The previous year he’d told me stories of helping other riders back down the mountain, who were literally found laying in the road next to their bikes, sick and seriously delusional from the altitude.
Apparently they’d never received the coca leaf memo.
Knowing all that only made things worse for me when I didn’t hear from him at all that day. Nothing.
The window of time in which I’d usually receive my text had come – and gone. Man, how I would have welcomed one of his cantankerous texts.
I started to worry.
With the phone tucked under my pillow, I laid there – waiting. Once I realized it was asinine to try to sleep, I decided to text him.
Hope you made it safely. I Love you.
I knew he wouldn’t answer, But it made me feel better…for about a minute.
It’s amazing where your mind can go when you’re sick with worry about someone you love.
Mine writes horror movies that could never be shown because of the graphic nature of the gore. They involve motorcycles and danger, blood, guts, and death.
That night I had him lost in the Andes, with no food or water, crazy from the altitude, eyeing a fellow victim like a pork chop. Or dead, his body carried away by the Andes version of a Yeti, never to be found.
I felt completely powerless, and I was making myself sick.
By 3 a.m. I decided to pray. I prayed the tight-fisted prayer of the terrified wife.
Please let him be okay. I even forgive the fact he hasn’t checked in. Please let him be alive. Please give me a sign.

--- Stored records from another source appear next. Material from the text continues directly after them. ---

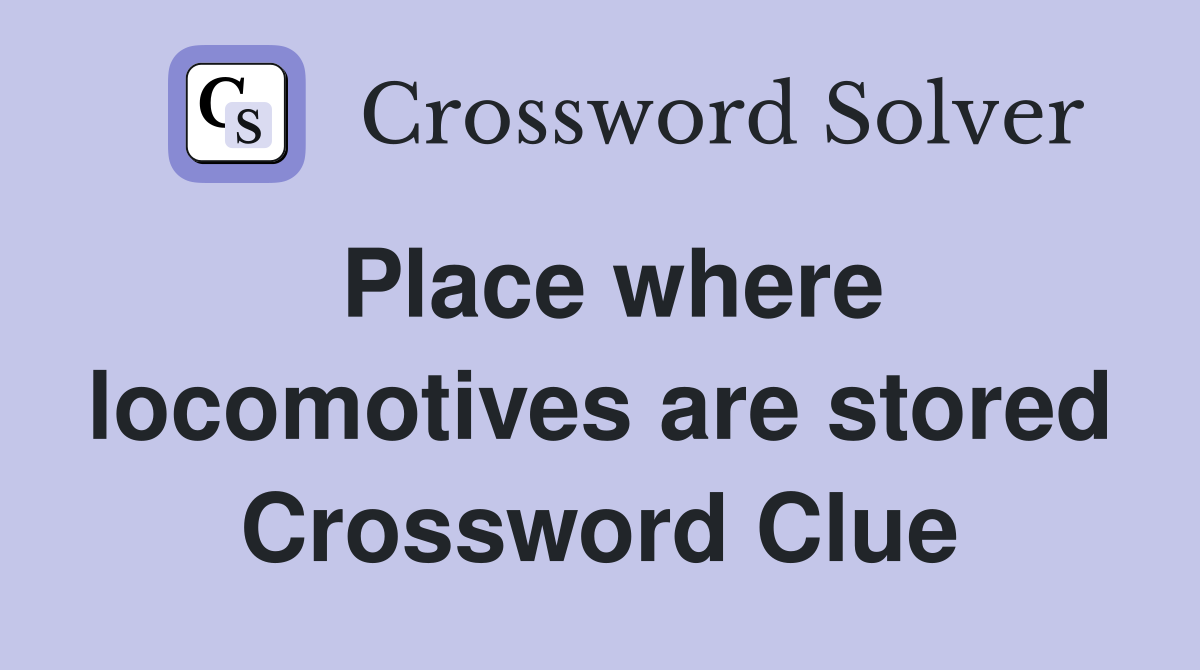 Place where locomotives are stored Crossword Clue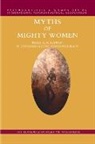 Arlene Kra Richards, Arlene Kramer Spira Richards, Arlene Kramer Richards, Richards Arlene Kramer, Lucille Spira, Spira Lucille - Myths of Mighty Women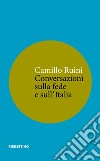 Conversazioni sulla fede e sull'Italia libro di Ruini Camillo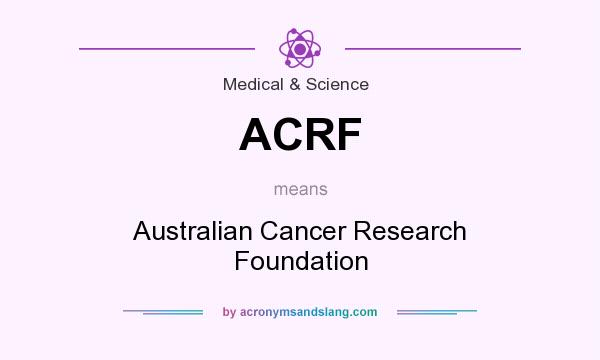What does ACRF mean? It stands for Australian Cancer Research Foundation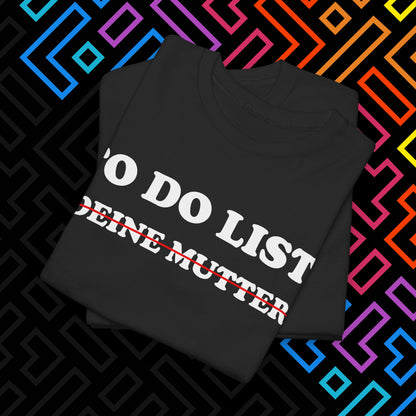 "To Do List" T-Shirt Unisex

I took a Xanax and finally drifted into a fitful sleep filled with nightmares. In one, the bedroom was filled with an eerie, greenish light. I could see it through my closed eyelids.
No, really.
My eyes snapped open and the room was filled with an eerie green light I’d never seen before. I blinked, then blinked again.

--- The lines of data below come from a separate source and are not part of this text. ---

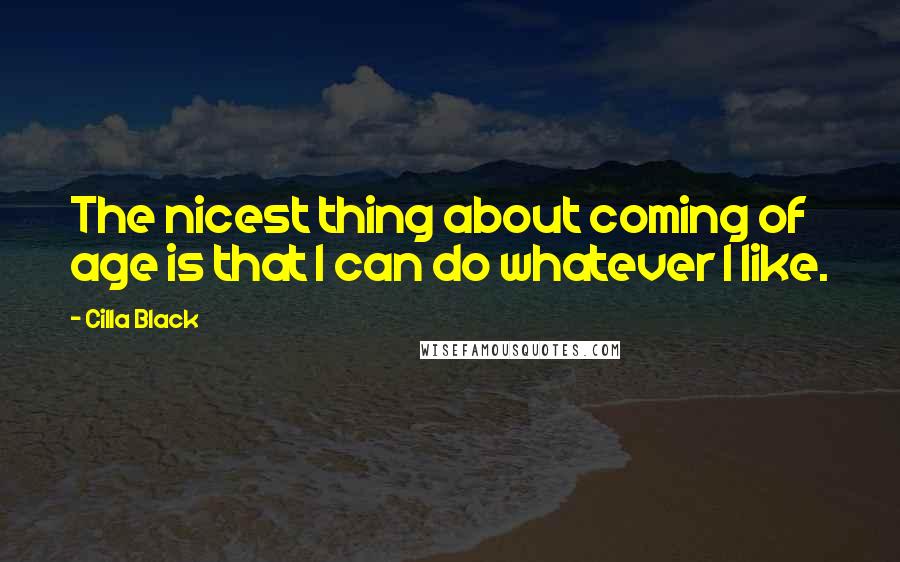 Cilla Black Quotes: The nicest thing about coming of age is that I can do whatever I like.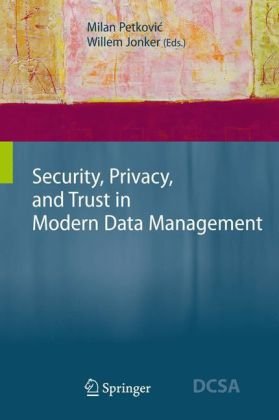 دانلود کتاب Security, Privacy and Trust in Modern Data Management (Data-Centric Systems Applications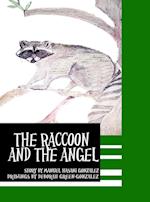 The Raccoon and the Angel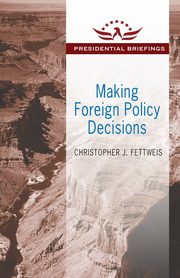 Making Foreign Policy Decisions, Fettweis Christopher J.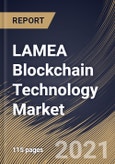 LAMEA Blockchain Technology Market By Type, By Component, By Enterprise Size, By Industry Vertical, By Country, Growth Potential, Industry Analysis Report and Forecast, 2021 - 2027- Product Image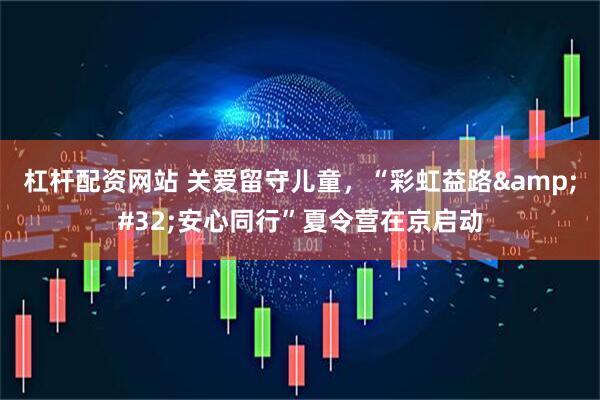 杠杆配资网站 关爱留守儿童，“彩虹益路 安心同行”夏令营在京启动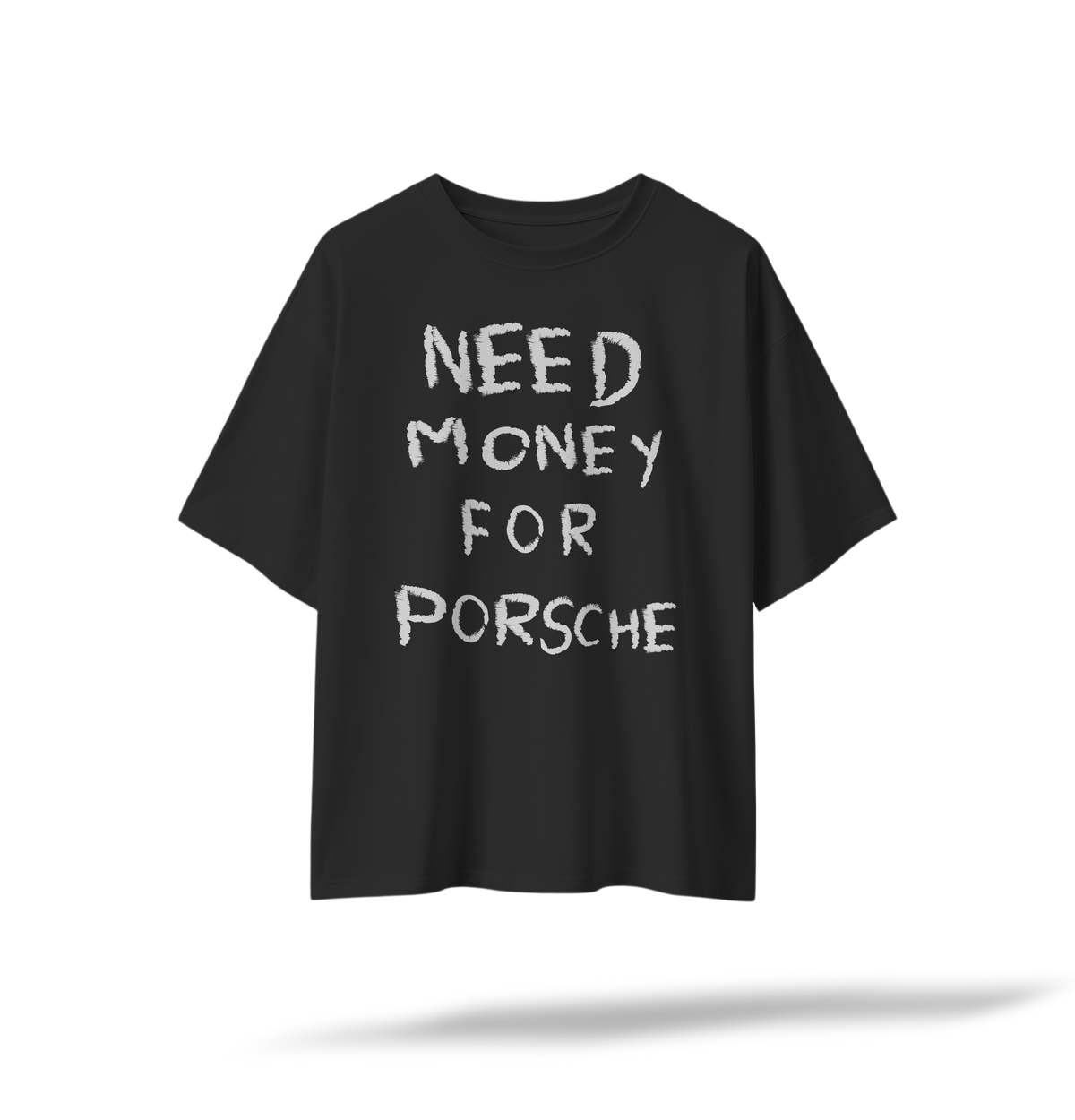 Need Money for Porsche | White & Black Oversized Tee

WTF? Slowly I got up to see where the light was coming from, half expecting a ghostly visitation from my dearly departed in the arms of a Yeti. What I found was almost as weird.
We have a 1953 Peugeot motorcycle up on the short wall that separates our bathroom from our bedroom. Yes, you can say it. All his friends do. I’m the coolest wife EVER!
Anyway…
You’re required by law, to have a fluorescent light in a bathroom. I’ve always hated the greenish glare those bulbs give off, so we installed it behind the motorcycle to assuage the inspector – and then had it promptly disconnected.
If you flip the switch, nothing happens.
But not on this night. I came out of my worry coma to find that the motorcycle above my head was impossibly illuminated. By a light that should NOT be working.
I stood there frozen, a shiver ran around the room, looking for a spine to run up, then it found mine.
It was my sign. It had to be. Light…Motorcycle…
Now just to be clear, he’s okay, right? This means he’s alive, not dead.
The exasperated Universe told me to cut the chit-chat and go back to bed. I flipped the switch which was already in the off position, not knowing what to expect, and the light went out.
Later that day, I received a text. It was short, crabby and filled with expletives. It was the best text of my life
They had become stuck at the top for hours, and things had gone downhill from there (pun intended). But at last they were back at sea level; sleepless, starving, but safe and sound and back in the race.
It ended with Love you, and that’s all that I could see. I burst into large, crocodile tears of relief.
PS. That light has never worked since.